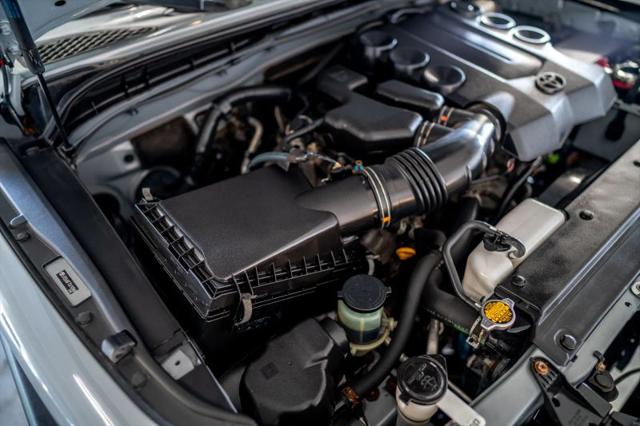 2014 Toyota FJ Cruiser Base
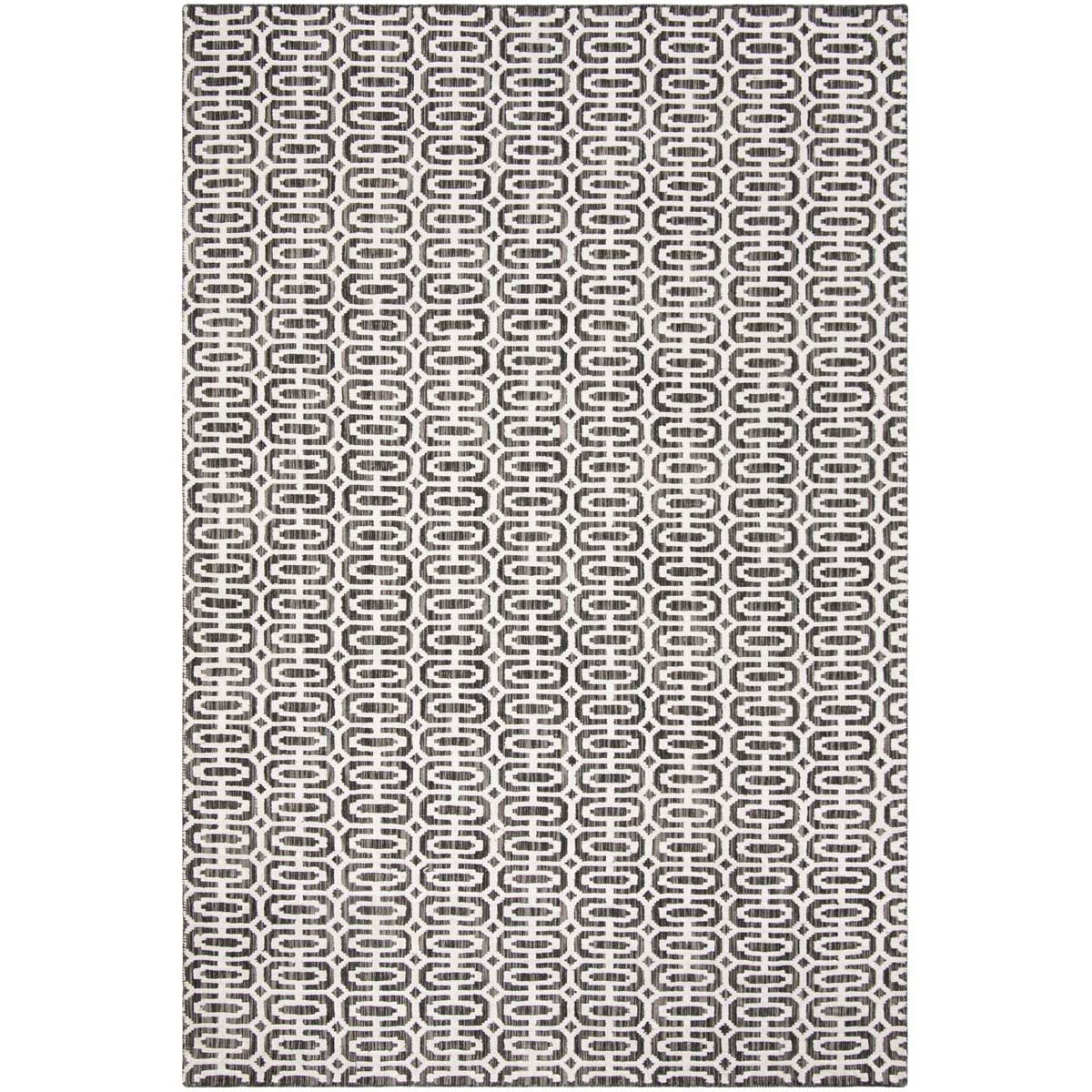 Safavieh Mirage 902 Rug, MIR902 - Charcoal / Ivory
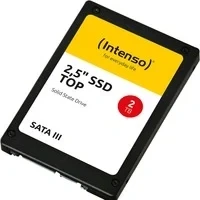 Abbildung von Intenso Top SSD 2 TB Festplatte (2 TB) 2,5&quot;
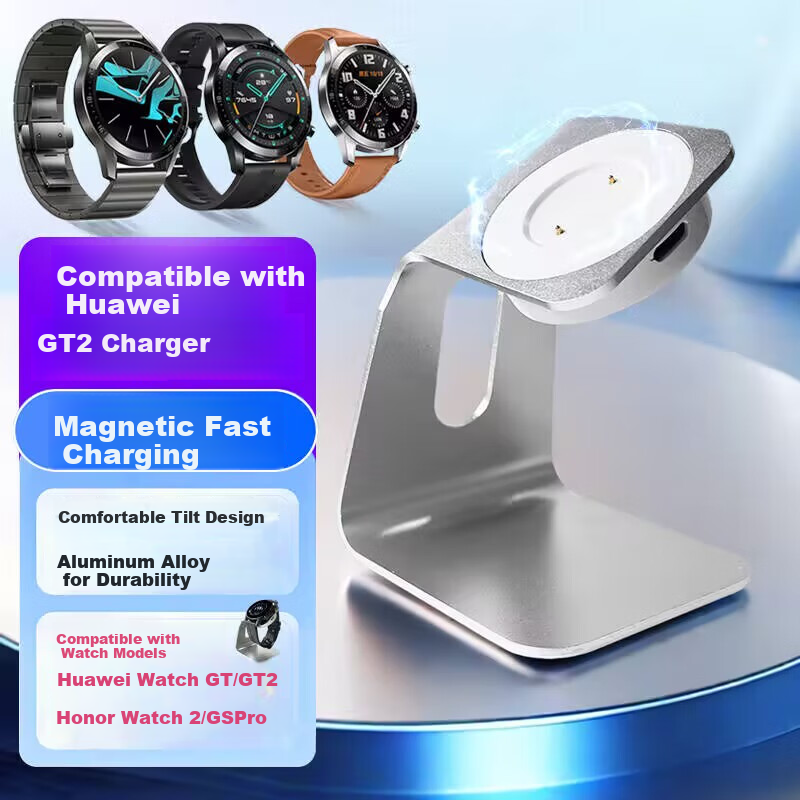 Trendsetter Magnetic Charging Stand for Huawei Watch
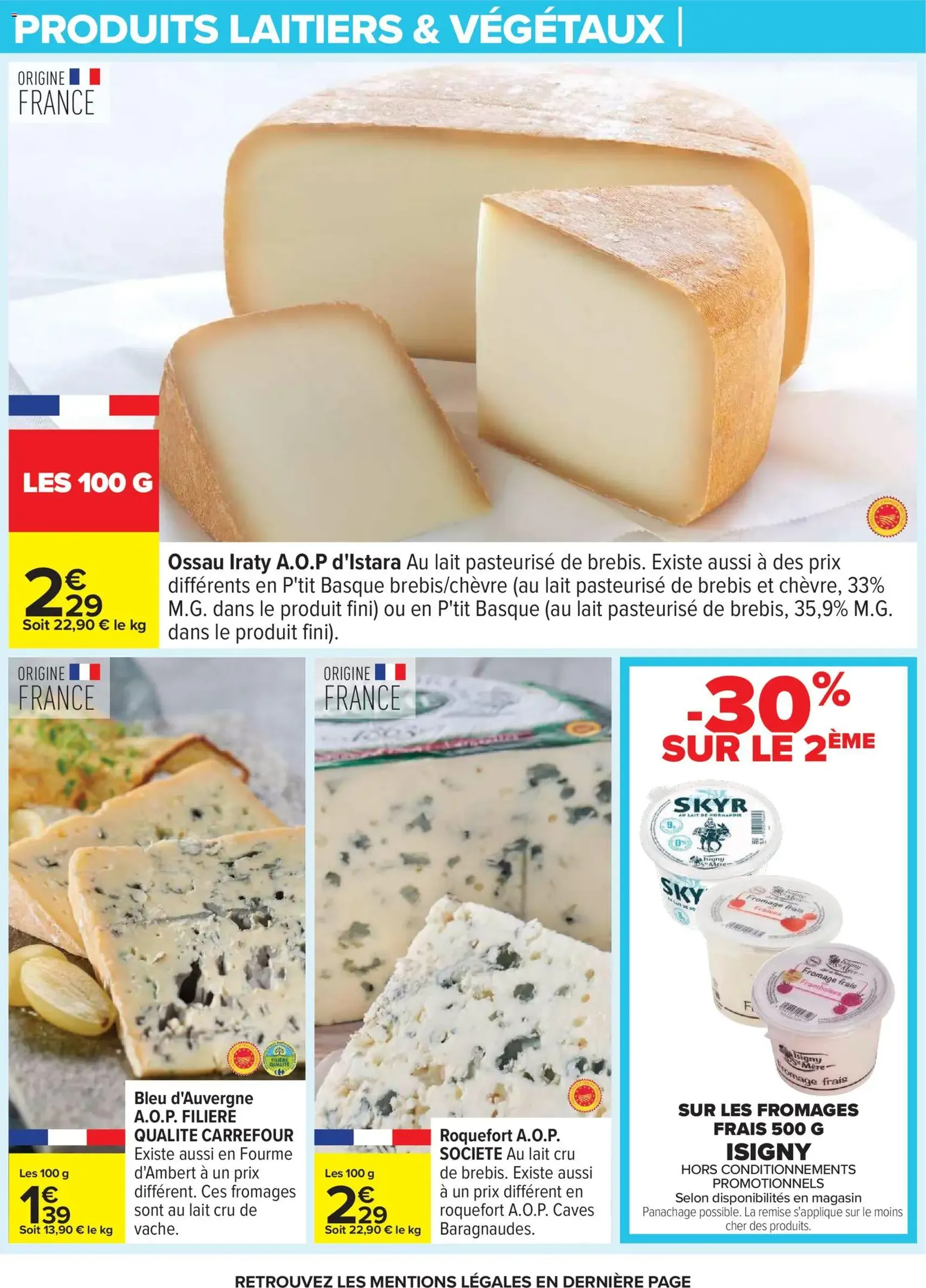 Carrefour catalogue de la semaine 10 - brochure valable à partir du 03/03/2026, page 11 sur 92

## ACTIVITY
Retype exactly the lines from the line containing "Abbildung von Intenso" through the end of the entries above, including both ends, and leave every picture out.

## REPLY TO THE EXERCISE
 Abbildung von Intenso Top SSD 2 TB Festplatte (2 TB) 2,5&quot;
 Trendsetter Magnetic Charging Stand for Huawei Watch
 Carrefour catalogue de la semaine 10 - brochure valable à partir du 03/03/2026, page 11 sur 92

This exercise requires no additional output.